More than 20 women in the Lethbridge real estate industry took part in a self-defence course Tuesday afternoon, after a man was arrested two weeks prior for allegedly assaulting a woman who was showing him a home.
The incident took place on May 29th, when 42-year-old Maneesh Kumar Khokar was charged in connection with an incident in which a 23-year-old female sales associate was sexually assaulted while showing a home to a prospective buyer.
Khokar is scheduled to appear in court on July 16.
In the meantime, women in the industry don’t feel safe just standing idly.
“I just wanted to help organize something like this to take a step,” said Kirby Maronda, a sales manager with Galko Homes.
“It’s so easy to just not do anything.
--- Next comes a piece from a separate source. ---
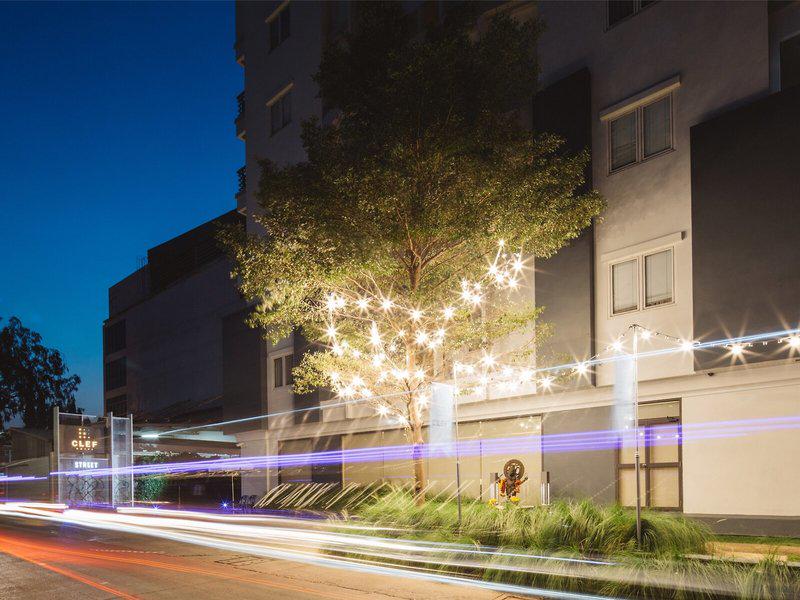 E2B733E58B9C83968B1B9EE7EB71A640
We haven’t had anything like this over the years.”
In collaboration with Building Industry and Land Development Association (BILD) Lethbridge Region, Maronda was one of the organizers of the class, taught by local instructor — and Brazilian jujitsu black belt — Justin Tavernini.
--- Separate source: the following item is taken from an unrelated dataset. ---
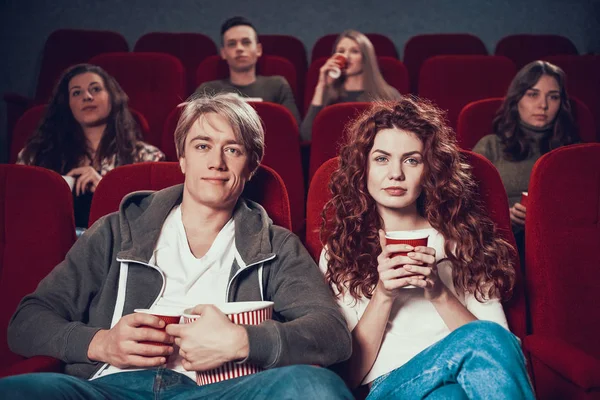 İnsanlar sinemada oturup birlikte film izliyorlar..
“Today came about with a phone call,” said Tavernini. “I got a phone call asking for some help and I was more than willing to provide my service.”
From a situational standpoint, Tavernini says that this course is different than other self-defence classes he has taught.
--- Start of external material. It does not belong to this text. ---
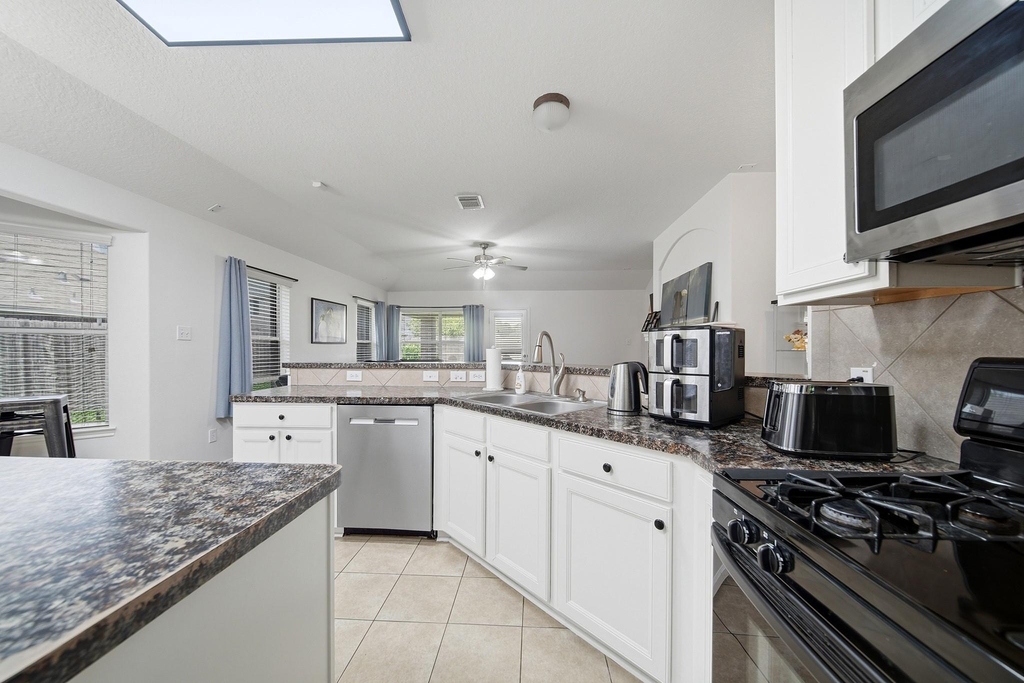321 Preston Lane - Photo 11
“Normally when I do a self-defence course, [it’s for] in a parking lot, or an alleyway — so a little bit more of an open space —versus a confined house,” he said. “So I’ve almost revamped my program specifically for this group.”
The black belt says that the call forced him to consider the situations that women in real estate put themselves in every day.
“I put myself in the shoes of a real estate agent, and I started to dissect their job — what they do, how they interact with people — and I started to see all the flaws and I started to see all the situations where they are vulnerable,” Tavernini explained.
“They put themselves in a situation where they are alone with a complete stranger in a house.”
WATCH: (Feb. 20, 2019) Lethbridge man to be added to sex offender registry once sentenced is served
Maronda says that incidents like the one on May 29 are rare, but it doesn’t make the need for education any less important.
“Me myself, working in show homes for 13 years, if you just feel like your stomach is telling you that you need to get out of the situation then don’t put yourself in the situation,” said Maronda.
“You need to have a little more protection or knowledge to give you peace of mind.”
Maronda says that she hopes Tuesday’s session spurs further change in the industry.
“I would like to see just more awareness in the industry as a whole.” said Maronda, “The community — everybody thinks Lethbridge is safe, and it feels safe, but if we take extra steps to ask you for your licence to go show homes, I think that kind of is the next step and where things are going to go.
“We do have a lot of ladies that work for us and that want to feel protected, and don’t feel like it’s a burden to do that and that it’s annoying. It’s just going to be policy.”